- DATA
----
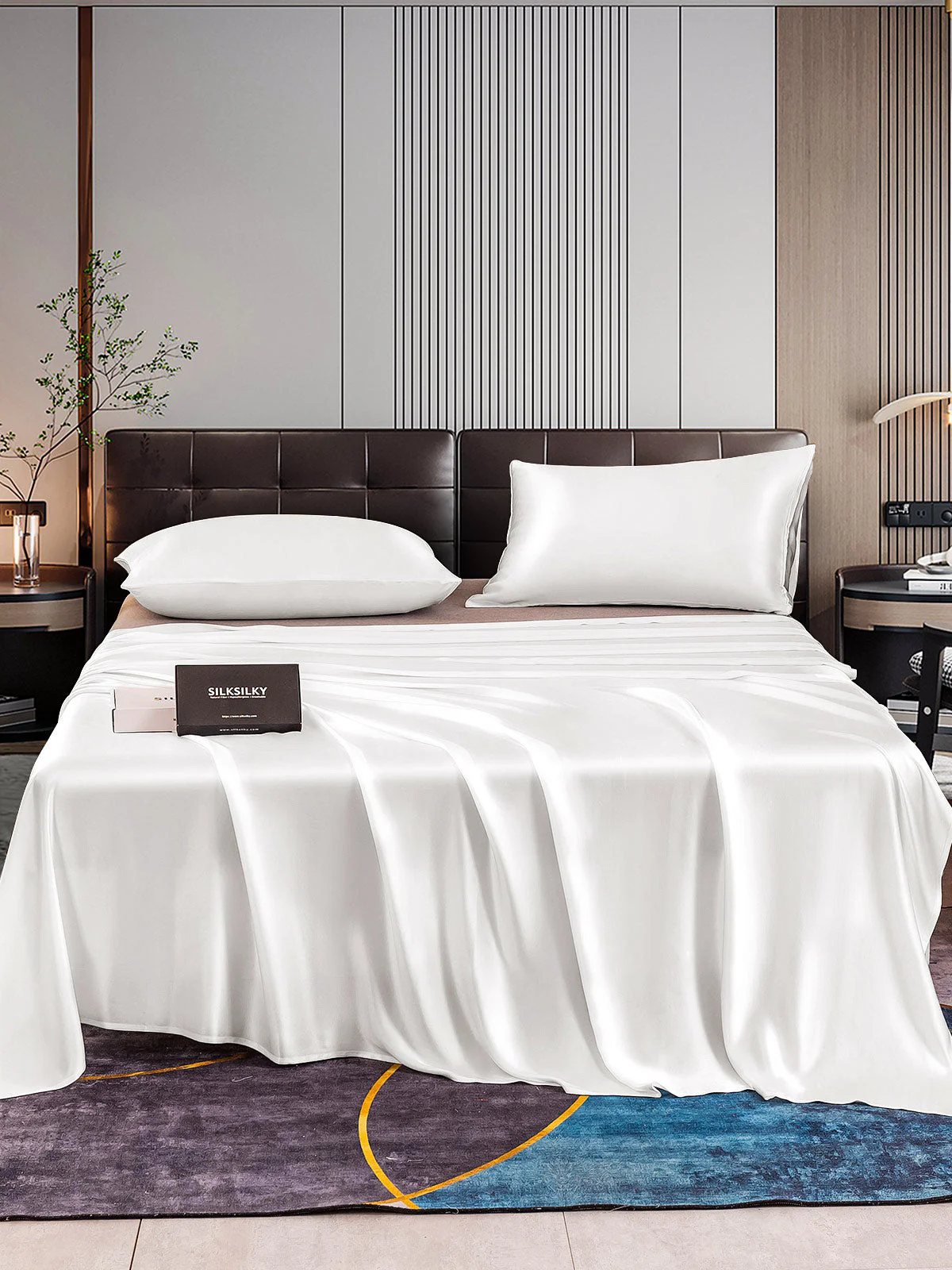 22Momme 3Pcs Silk Set Flat Sheet+2x Pillowcases - Image 22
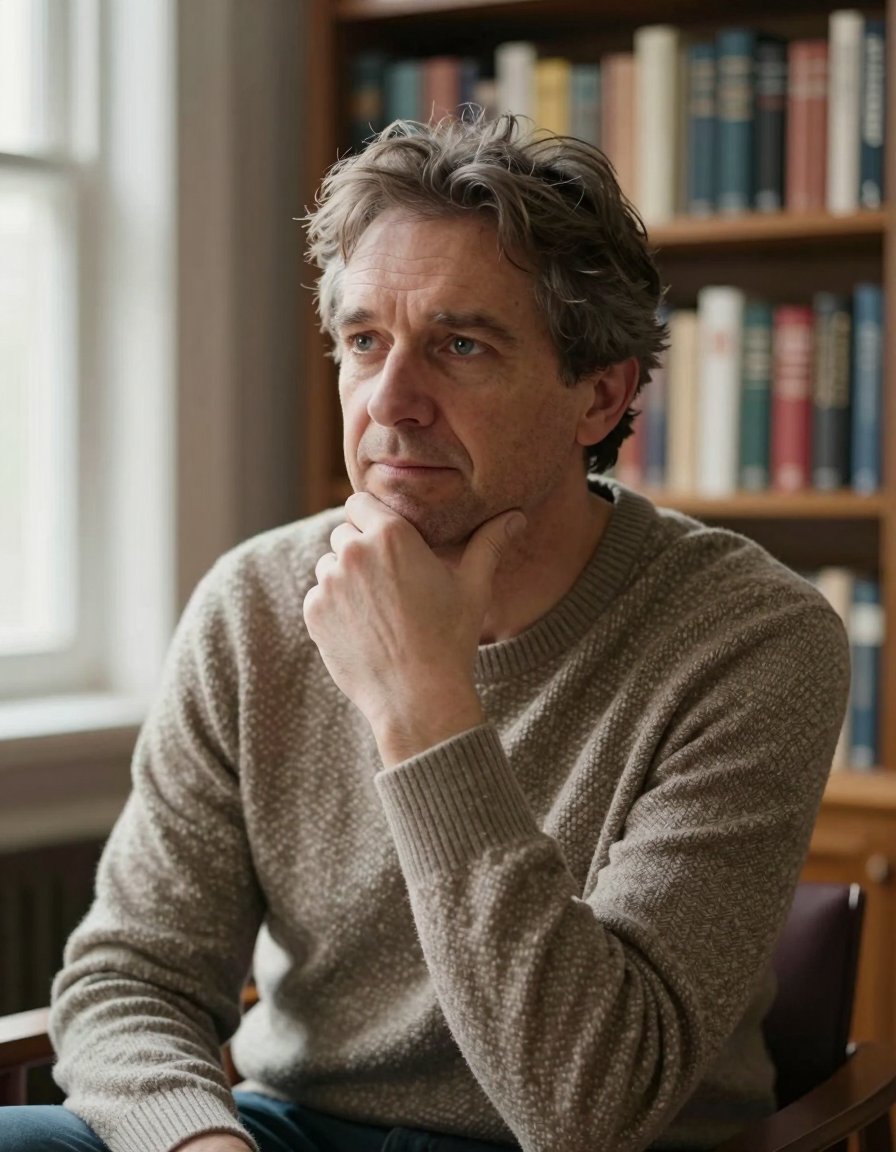 The novelist in a knit sweater in his home library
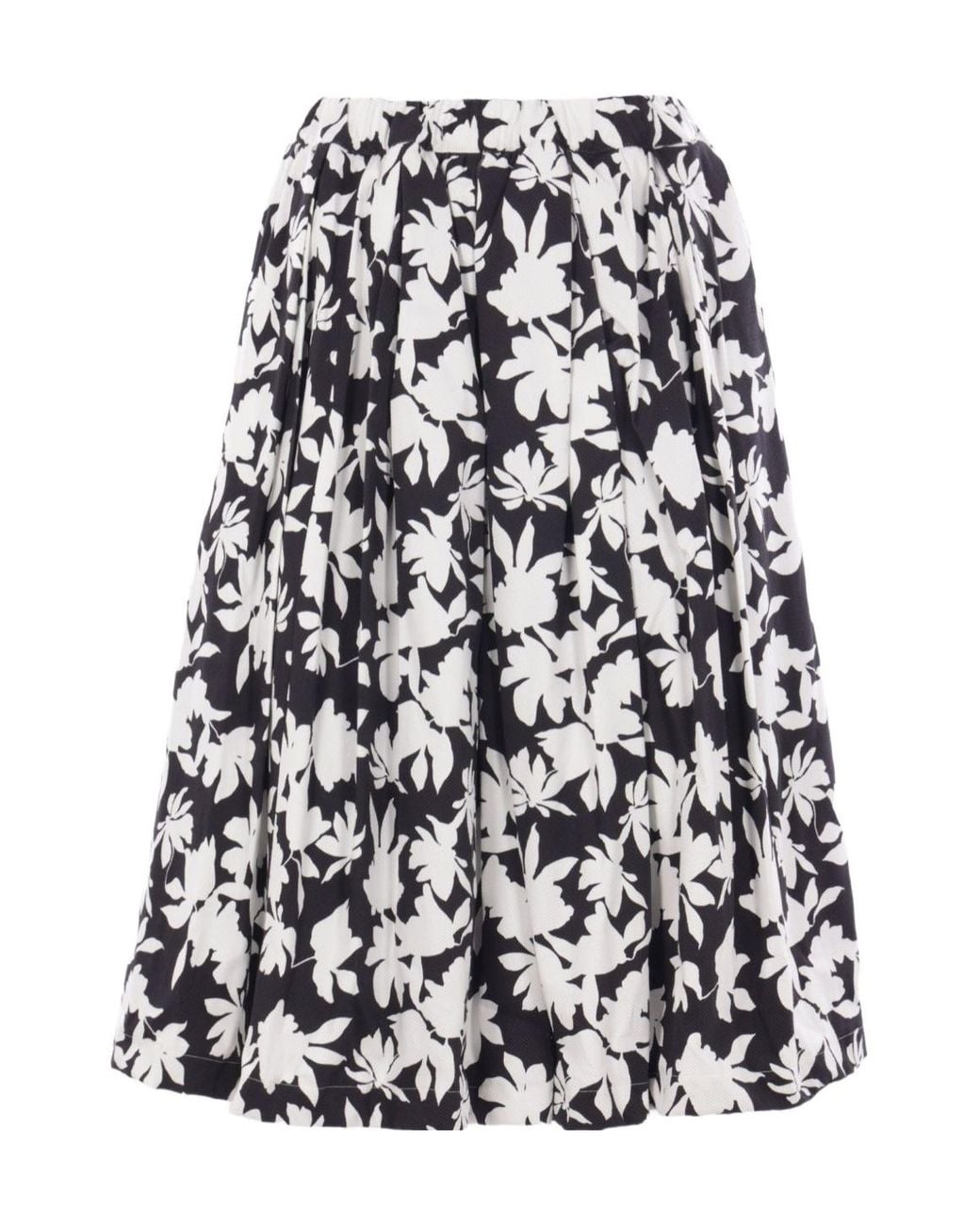 Comme des Garçons White All-Over Floral Printed Skirt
----
- TASK TO COMPLETE
Copy the listing exactly. Any image in it stays out of the copy.

- RESULT OF THIS EXERCISE
 22Momme 3Pcs Silk Set Flat Sheet+2x Pillowcases - Image 22
 The novelist in a knit sweater in his home library
 Comme des Garçons White All-Over Floral Printed Skirt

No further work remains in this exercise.